I bang my head back against the couch and close my eyes tightly instead of focusing on his defined pecs and broad shoulders and the way it looks like he’s looming over me as I lean back. I’m resolutely ignoring the things that image and the idea of him above me like this does to my dormant libido, which is starting to respond to this antagonistic man when it should stay the hell out of this conversation.
“Because of that, right there, Ainsley.”
Oh, shit. He’s thinking of fucking me on a couch, too?I lift my head and warily meet his eyes again to keep myself from looking at the smooth expanse of skin below his neck. For once, he’s not smiling, he’s dead serious, and his intensely blue eyes bore into me through the screen.
“Because ofwhat?” I ask hesitantly, keeping a frown on my face to discourage any sexual thoughts on his side of the call.
“You actually show true emotion and let the real you peek through when you’re exasperated. The real emotion, good or bad, is better than this prickly persona that you’re trying on for size like it’ll fit one day. It doesn’t suit you.”
I bite my lip, my nostrils flaring as I huff out a breath, relieved he wasn’t thinking about sex but frustrated he’s so damn good at reading me when I’m normally so much better at projecting whatever I want people to see. I can’t respond to his comment without giving him exactly what he wants—a heated denial that would serve to prove his point, or me admitting he’s right, which would also prove his point. I just shake my head.
“Why did you text me tonight?” I ask instead. I pull my knees up and rest my arms on top.
“I wanted to see what you’re up to.”
I give him an incredulous look. “You don’t have a life, do you? First, you spent your Saturday morning at the Unicorn Café bothering me and meeting your sister-in-law, and now you’re spending your Saturday night calling a stranger because you have nothing better to do.” A genuine smile lifts my cheeks. “And here I thought fancy billionaire businessmen had more important things to do with their time.” I laugh. It feels good to be making fun of him, finally, after he’s been laughing at me for the majority of our exchanges today.
“Ah, that’s better. Just keep laughing, Spitfire, even if it’s at my expense.”
My laughter dies. Is he serious? He’s still smiling, which is something, and he doesn’t look pissed. “It’s true, isn’t it? You don’t have a life,” I say, gentler.
“I have my work and my boats on the coast and at the lake.
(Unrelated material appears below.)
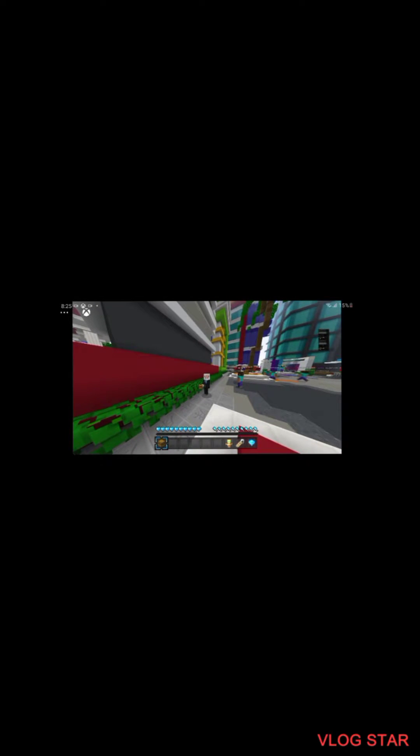As you can see it's recording my Xbox screen. When you're recording your video you can just be like hey everybody welcome back. It's like barely delayed, it's probably like a half a second delay.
But you’re completely right. I haven’t given myself much of a life over the last year and a half. Today was the first Saturday I didn't spend working at least part of the day in…damn, I don't know how long it’s been. I texted you because it gave me something to do other than turn back to work.”
My face softens at his admission, but I don’t let him off that easily. “You really have to get a life. How depressing. God, I wouldn’t want to end up like you in ten years.”
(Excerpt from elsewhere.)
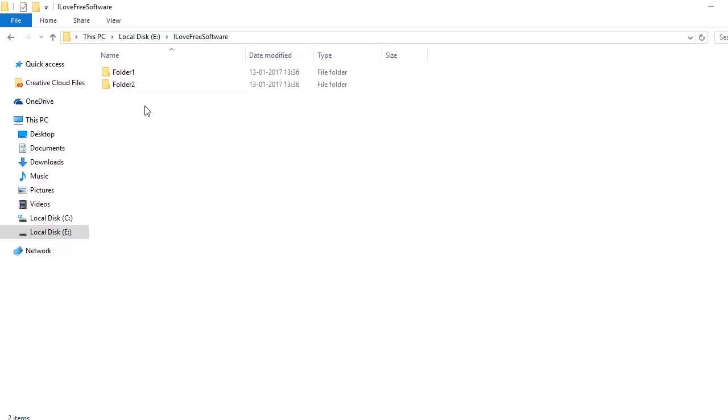This is my favorite method. Let's say you want to open command prompt in folder ilovefreesoftware folder 1. For that, just press the Shift key and while keeping it pressed, right-click on the folder.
“You were working today, so you’re already on your way to becoming me,” he says, arching a dark eyebrow.
“That’s not the same thing,” I protest. “I had a last-minute story to write. I don't work every weekend.”
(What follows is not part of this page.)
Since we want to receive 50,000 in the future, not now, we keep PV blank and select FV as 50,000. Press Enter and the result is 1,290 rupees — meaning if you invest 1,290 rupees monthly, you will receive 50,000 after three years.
“And what were you up to tonight? Looks like you’re home, just like me. Again, your odds aren’t looking good. You’re definitely going to end up a workaholic without a life at thirty-five just like me.” His smile is devilish, popping the slightest hint of dimples into his cheeks that are far too enticing and I hate the way they look. They’re lickable, and that’s ridiculous on a grown man without a life. Payton is ridiculous.
“I’m not home every Saturday night. I have a life.”
“You’re just being contrary now. Prove you have a life. Do you have a boyfriend?”
“What? No. I don’t date. Why would you even ask me that? I don’t have to prove anything to you,” I snap, my defenses rising higher as I grow flustered. “You’re annoying. Has anyone ever told you that, or does everyone try to kiss your ass because you have more money than God and they want to ride your coattails or get something out of you?”